## TRY IT
Using the listing below, retype only the lines from the line with "The second base" through the end, both ends included, and exclude the pictures.

## DATA EXCERPT
══════════════════════════════

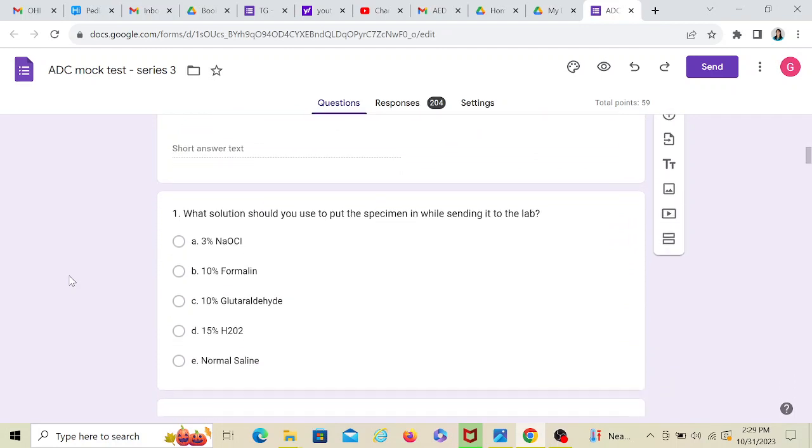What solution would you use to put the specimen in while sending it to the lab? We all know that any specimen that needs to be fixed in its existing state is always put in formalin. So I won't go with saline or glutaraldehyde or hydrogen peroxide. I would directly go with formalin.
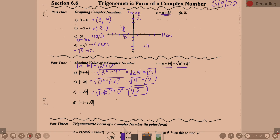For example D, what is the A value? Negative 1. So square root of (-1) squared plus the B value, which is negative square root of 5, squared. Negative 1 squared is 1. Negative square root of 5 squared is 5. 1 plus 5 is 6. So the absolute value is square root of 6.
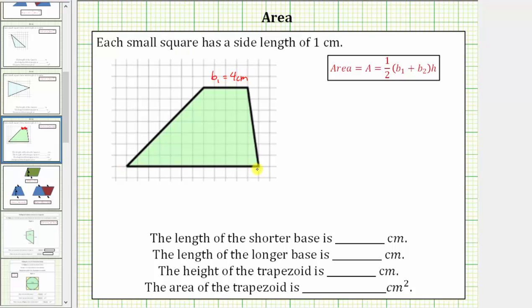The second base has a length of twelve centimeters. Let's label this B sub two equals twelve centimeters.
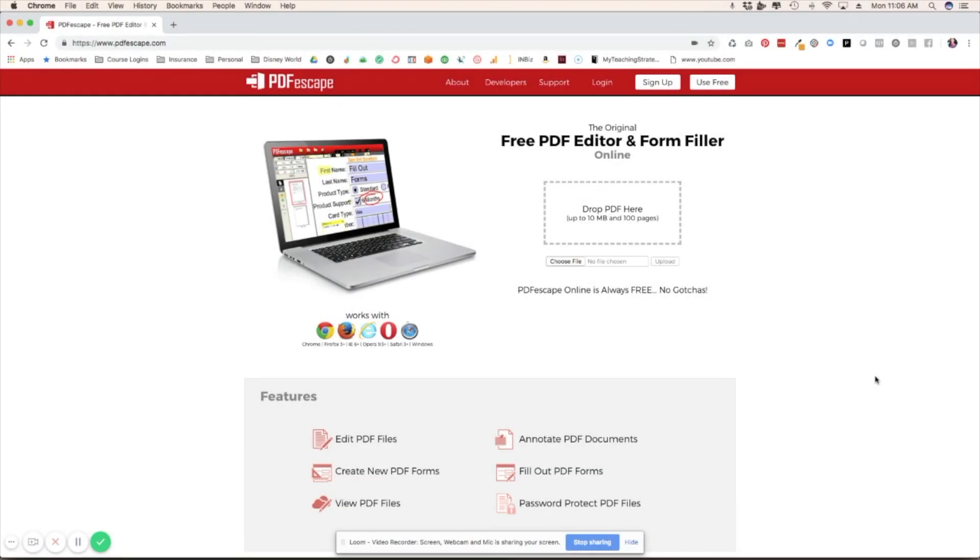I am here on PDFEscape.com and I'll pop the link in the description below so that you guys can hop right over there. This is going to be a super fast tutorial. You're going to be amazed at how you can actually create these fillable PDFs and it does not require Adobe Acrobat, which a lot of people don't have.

══════════════════════════════

## EXPECTED ANSWER
The second base has a length of twelve centimeters. Let's label this B sub two equals twelve centimeters.
I am here on PDFEscape.com and I'll pop the link in the description below so that you guys can hop right over there. This is going to be a super fast tutorial. You're going to be amazed at how you can actually create these fillable PDFs and it does not require Adobe Acrobat, which a lot of people don't have.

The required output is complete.